Frente a las dificultades que planteaba Sacchetti en dar gusto a Felipe V con la realización de balcones de hierro para la fachada del palacio real, Bonavía planeaba llevar a cabo justo lo contrario. Si bien en un principio él mismo imaginó realizar la escalera principal del palacio de Aranjuez con balaustres de piedra, ahora había decidido un cambio drástico y sorprendente. Iba a diseñar una bellísima barandilla de hierro, repleta de volutas y chapas repujadas imitando el follaje, al modo francés, con la intención de epatar al rey y ver su capricho concedido.
—Tal como concibo esa escalera, nuestro trabajo conjunto resultará extraordinario; una obra maestra —dijo Bonavía, mientras deslizaba su mano sobre el papel, dibujando airosas formas de rocallas y hojas enroscadas al más puro estilo barroco.
—Confío plenamente en ti, Giacomo. Estoy seguro de que podremos realizar un magnífico diseño. Haré cuanto esté en mi mano.
No habrá otra barandilla más bella en España.
—Esa escalera debe ser un placer para la vista, un elemento arquitectónico con vida; un espacio en el cual las medidas y las distancias, la luz, los materiales y tus hierros parezcan energías vivas, que envuelvan visual y físicamente a quien por allí transita. Un gusto para los sentidos.
—Lo que se dice, pura escenografía, Giacomo. Tu vena teatral llevada a las perspectivas, al tratamiento de la piedra y el hierro.
—Exacto. Debemos hacer de esa escalera un escenario, una escultura en sí misma. Si nos sale una obra hermosa, será nuestra consagración.
—Hagámoslo, Giacomo. Estoy preparado para ello —concluyó satisfecho Francisco.
Los siguientes meses fueron agotadores. Francisco recibió oficialmente el encargo de realizar la barandilla de Aranjuez que Bonavía le había propuesto. De entre todo el personal a su disposición en las reales fraguas, eligió a los dos oficiales más valiosos para ayudarle en esta obra. Necesitó recurrir al estudio de tratados arquitectónicos para refrescar su inspiración artística. Ansiaba tener noticias sobre las novedades de su oficio en Europa, conocer el estilo de los más afamados rejeros franceses. Volvió a acudir a la biblioteca de palacio, aquella que se había salvado milagrosamente del incendio del real alcázar. Fue ahí cuando empezó darse cuenta de la carencia que un artesano como él tenía en cuestiones de diseño. Si algún día le correspondía gobernar su gremio, pensaba, abogaría por la necesidad de enseñar a los aprendices la importancia del dibujo. Trabajó duro, codo a codo junto a Bonavía, viajando de continuo a Aranjuez, para realizar sobre tableros de madera el dibujo definitivo y a escala natural, que luego habría de interpretar en la fragua con el hierro candente.

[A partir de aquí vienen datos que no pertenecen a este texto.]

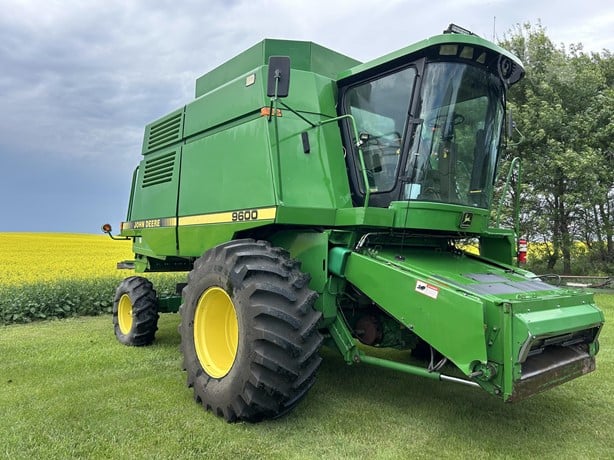 JD 9600 Combine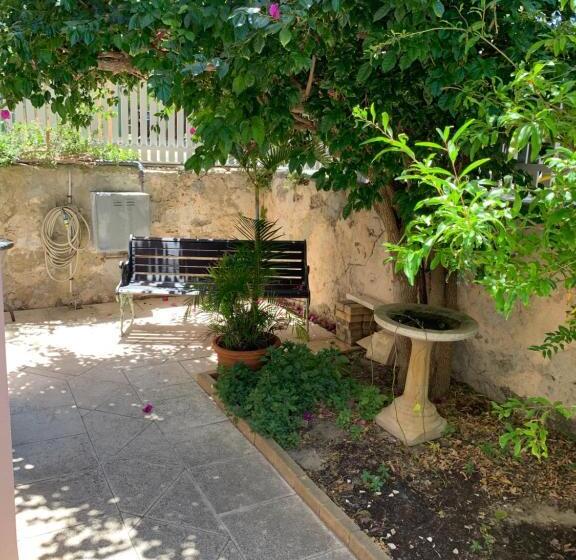 פנסיון Accommodation In Fremantle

Las semanas se le pasaban tan rápido con el disfrute de ese trabajo, que apenas se percató de que el embarazo de Josefa llegaba a término. Una ayudante de la partera vino a buscarle con urgencia a la puerta de las reales fraguas. Era media tarde y hacía rato que Josefa se había puesto de parto. El trance no presentaba buena pinta. La partera se quejaba de que el niño venía mal colocado. Francisco quiso acompañar a su esposa en la habitación y ayudar en lo necesario, pero pronto se dio cuenta de que era un estorbo para la comadrona.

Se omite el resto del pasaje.